*Action item*: Nothing but the lines below from the one that contains "Ab Tak Chhappan poster" through the one that contains "Mercedes-Benz Sprinter 3.0L 6 2016" should be retyped, exactly and including both ends. Do not include pictures.

*Records to process*:

........

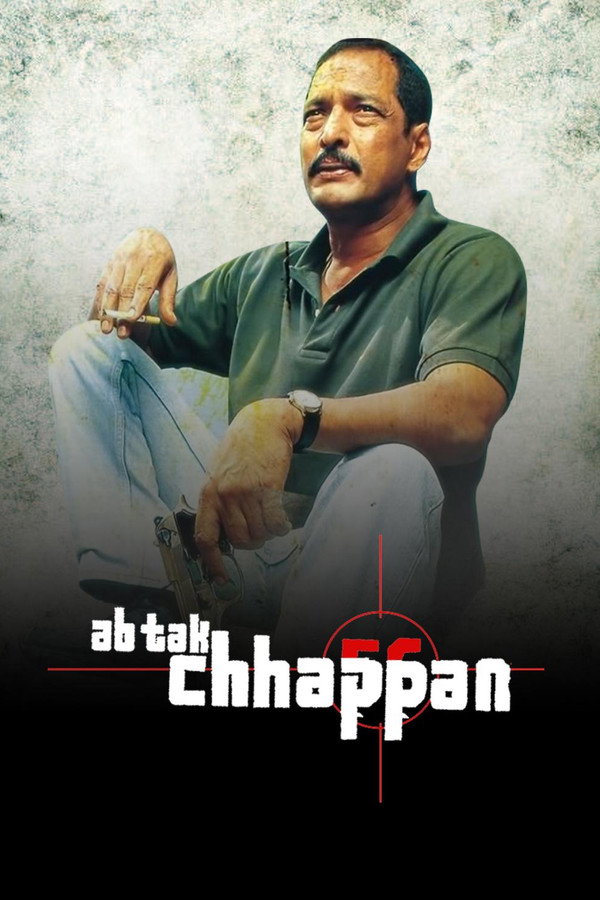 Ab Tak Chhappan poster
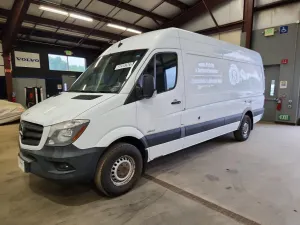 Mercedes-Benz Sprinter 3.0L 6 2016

........

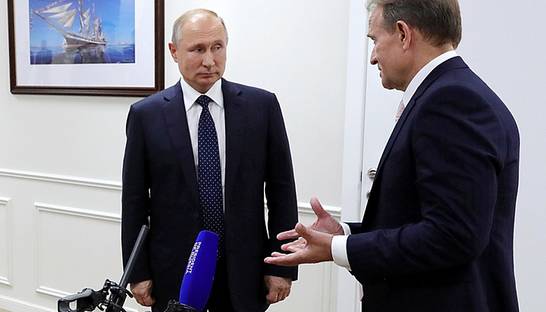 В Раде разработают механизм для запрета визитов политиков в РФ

........

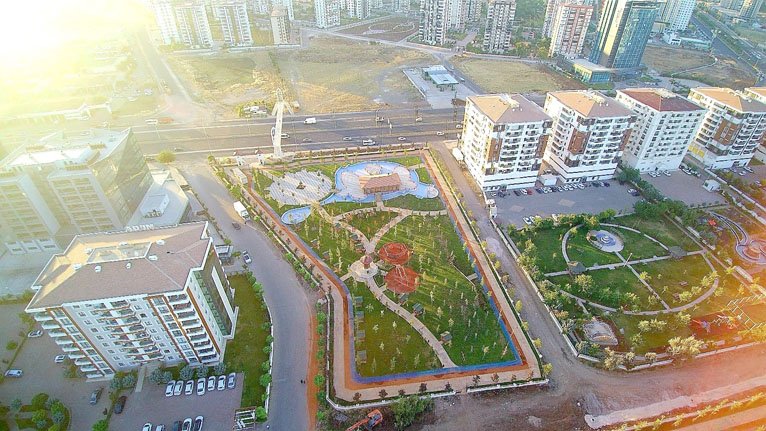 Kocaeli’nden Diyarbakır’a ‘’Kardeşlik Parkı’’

........

*Answer to the exercise*:
 Ab Tak Chhappan poster
 Mercedes-Benz Sprinter 3.0L 6 2016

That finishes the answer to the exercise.